[lttng-dev] [PATCH lttng-modules] Fix: Building the event list fails on fragmented memory

Jan Glauber jan.glauber at gmail.com
Thu Jun 25 04:08:30 EDT 2015


On Tue, Jun 23, 2015 at 09:04:18PM +0000, Mathieu Desnoyers wrote:
> Nope, it wasn't it. metadata_written is always <= cache_alloc, so the
> current upstream code looks correct.
> 
> I've just tried after changing the CPU configuration from "hypervisor
> default" to "copy host cpu config" on my machine, and was then unable
> to reproduce.
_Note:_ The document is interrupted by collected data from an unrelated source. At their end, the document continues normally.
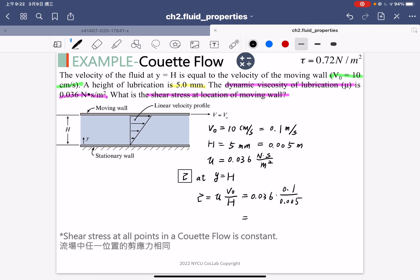Even though this exercise is quite simple, the important point to highlight is that in Couette flow the shear stress is constant at all points. This is a very important difference compared to Poiseuille flow, where the shear stress varies with location.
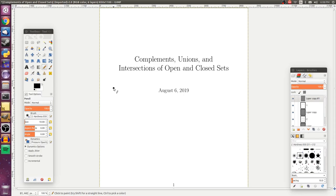Today we're going to talk about complements, unions, and intersections of open and closed sets. This will help us gain some experience using the definitions introduced in the last video, but perhaps more importantly, it's going to give us different ways to characterize these open and closed sets, and will eventually lead us to defining what's called a topological space.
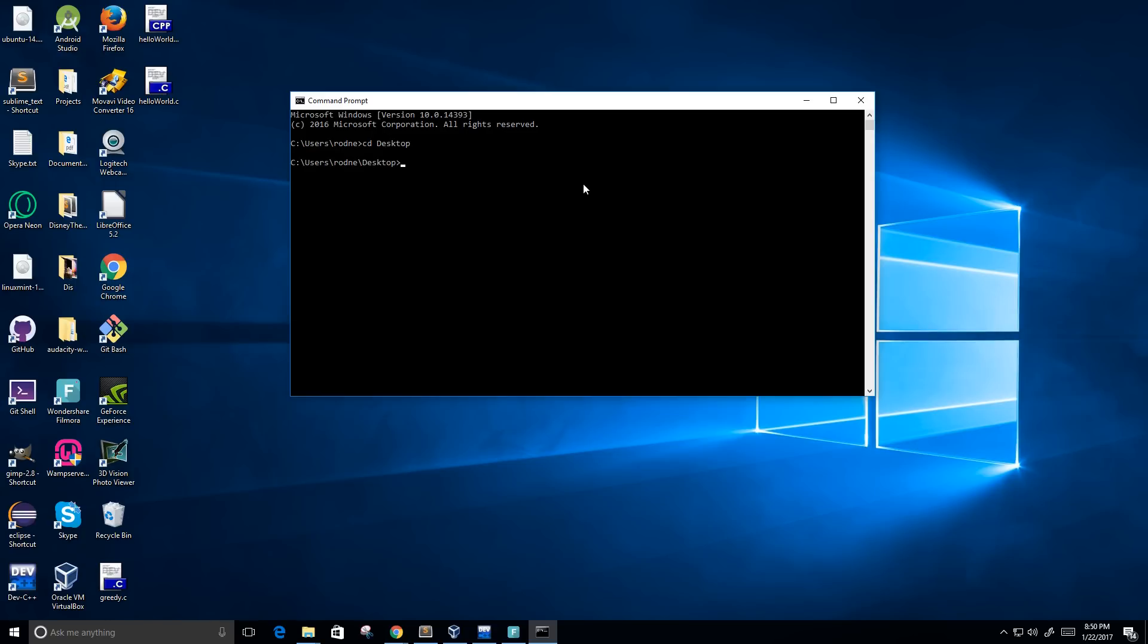And now what we're going to do is we're going to run this command called gcc, the C compiler, space, and then the name of the file, which is hello world dot C.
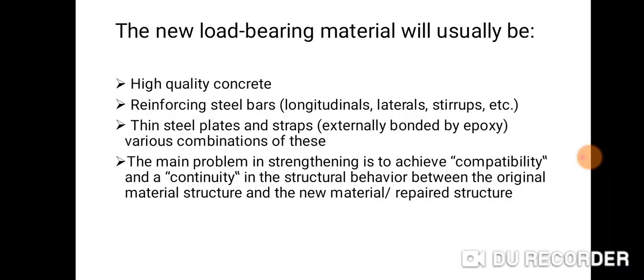The new load-bearing material will usually be high quality concrete, reinforcing steel bars, longitudinals, lateral stirrups, etc., thin steel plates and straps, or various combinations of these. The main problem in strengthening is to achieve compatibility and continuity in the structural behaviour between the original material structures and the new materials or repaired structures.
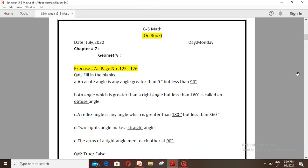Number D: Two right angles make a straight angle. Number E: The arms of a right angle meet each other at 90 degrees.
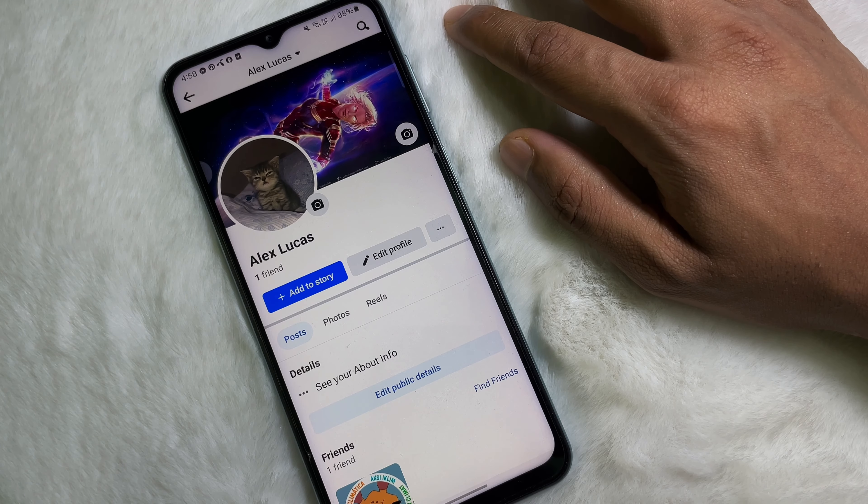Press on your profile picture and then tap on 'See Profile Picture.' Now all you have to do is slide this to the left side, and then you will get your previous profile picture.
I wonder if there is not an issue with __memcpy implementation
> for specific x86_64 processors (e.g. reading too many bytes from the vmalloc'd
> area).
> 
> Thoughts ?

Just speculation without further debugging data from the hypervisor setup
where it fails...

>From my understanding memcpy should work regardless of kmalloc or
vmalloc.

Maybe the length parameter of the memcpy is wrong?
With kmalloc and the 1:1 mapping this wont matter but if the memcpy
crosses a page it might fault if the next page is not vmalloc'ed.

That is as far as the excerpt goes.